En matière d’édifice menaçant ruine, l’autorité compétente peut utiliser ses pouvoirs de police administrative générale uniquement dans l’hypothèse où il existe « une situation d’extrême urgence créant un péril particulièrement grave et imminent ». Lorsque l’existence d’une telle situation n’est pas établie, l’autorité compétente ne peut disposer que de ses pouvoirs de police administrative spéciale des édifices menaçant ruine.
Dans cet arrêt, le préfet de police de Paris a pris un arrêté en date du 19 décembre 2013 interdisant l’accès et l’habitation d’un immeuble et enjoignant aux occupants de quitter les lieux, cet immeuble ayant fait l’objet d’un arrêté de péril prescrivant des travaux qui n’ont pas été réalisés. Cet arrêté a été pris dans le cadre des pouvoirs de police administrative générale qui étaient à cette date dévolus au Préfet et qui relèvent désormais du Maire (articles L. 2212-2 et L. 2212-4 du code général des collectivités territoriales)
La SCI La pommadière de Paris et le syndicat des copropriétaires de l’immeuble ont demandé au tribunal administratif de Paris d’annuler cet arrêté. Le jugement en date du 30 juin 2015 a fait droit a leur demande, jugement annulé par la Cour administrative d’appel de Paris sur appel du préfet.
Dans cette affaire, le juge devait déterminer si le préfet de police avait utilisé ses pouvoirs de police administrative générale dans le but de d’éviter la procédure spéciale de péril imminent prévue par le code de la construction et de l’habitation.
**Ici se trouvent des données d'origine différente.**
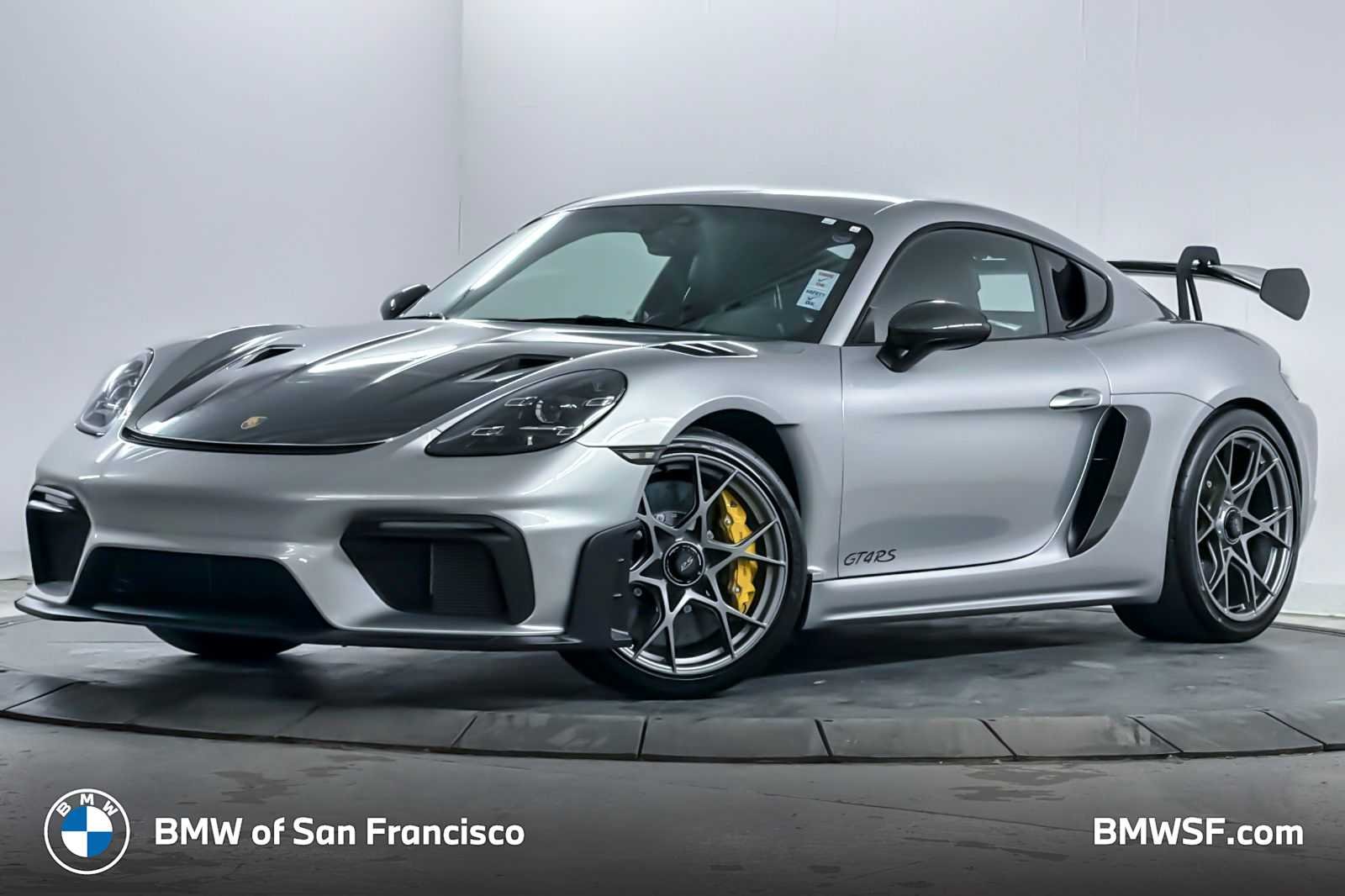 2023 Porsche 718 GT4 RS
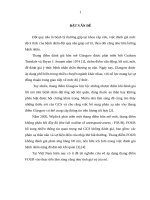 Nghiên cứu áp dụng thang điểm FOUR đánh giá ý thức trên bệnh nhân đột quỵ não 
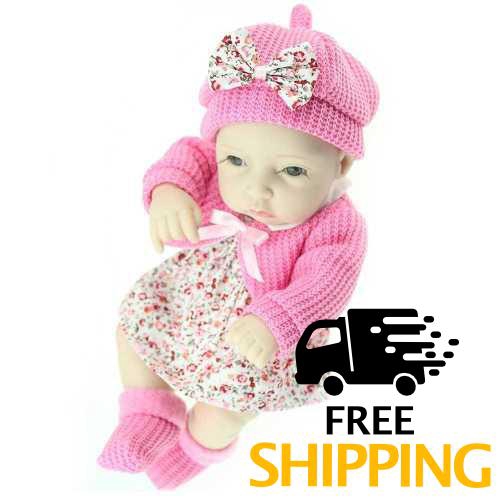 shopee baby doll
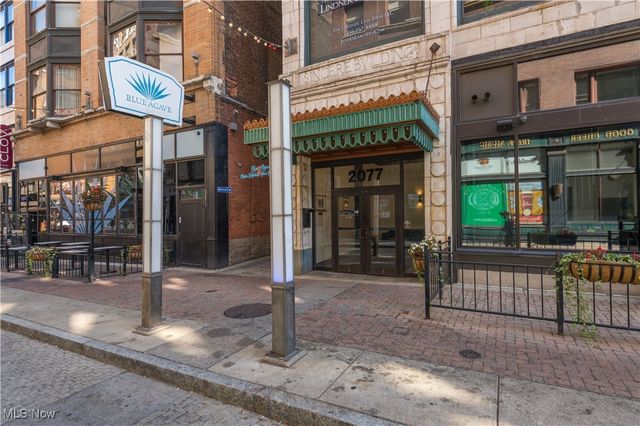 2077 E 4th Street 4E, Cleveland, OH 44115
Selon le Conseil d’Etat, la Cour administrative d’appel aurait du rechercher « si l’urgence était telle qu’elle ne permettait pas de prendre les mesures nécessaires dans le respect de la procédure ».
En effet, pour rappel, les pouvoirs de police administrative générale du maire (articles L. 2212-2 et L. 2212-4 du CGCT) ne peuvent être exercés que dans l’hypothèse où « le danger menaçant un immeuble résulte d’une cause qui lui est extérieure », tandis que les pouvoirs de police administrative spéciale (articles L. 511-1 et suivants du code de la construction et de l’habitation) ne peuvent être mobilisés que lorsque « le danger provoqué par un immeuble provient à titre prépondérant de causes qui lui sont propres »
Il peut être dérogé à cette utilisation des pouvoirs de police administrative spéciale, par l’adoption de mesure de police administrative générale, uniquement dans le cas d’« une situation d’extrême urgence créant un péril particulièrement grave et imminent ».
En l’espèce, le préfet a pris, dans le cadre de ses pouvoirs de police administrative générale, une mesure ayant « pour seul objet d’enjoindre aux occupants de l’immeuble d’évacuer les lieux et d’en interdire l’accès et l’occupation». Or, le Conseil d’Etat rappelle que l’article L. 511-3 du code de la construction et de l’habitation permet à l’autorité de police, dans le cadre de ses pouvoirs de police spéciale, d’ordonner l’évacuation des lieux et, partant, d’interdire leur accès en cas de péril imminent. Cette décision implique néanmoins une procédure préalable consistant à faire désigner par le tribunal administratif un expert, appelé à se prononcer dans un délai de vingt-quatre heures à compter de sa nomination.
Seule une situation d’extrême urgence créant un péril particulièrement grave et imminent aurait donc pu justifier que le Préfet de police ne fasse pas usage de ses pouvoirs de police spéciale au profit de ses pouvoirs de police générale.
Or, dans le cadre de son arrêt, la Cour administrative d’appel de Paris a retenu que le préfet de police avait légalement pu prendre une mesure de police administrative générale, sans même rechercher si « une situation d’extrême urgence créant un péril particulièrement grave et imminent » était caractérisée.
Le Conseil d’Etat annule donc l’arrêt de la Cour pour erreur de droit et renvoie l’affaire à nouveau devant la Cour administrative d’appel de Paris.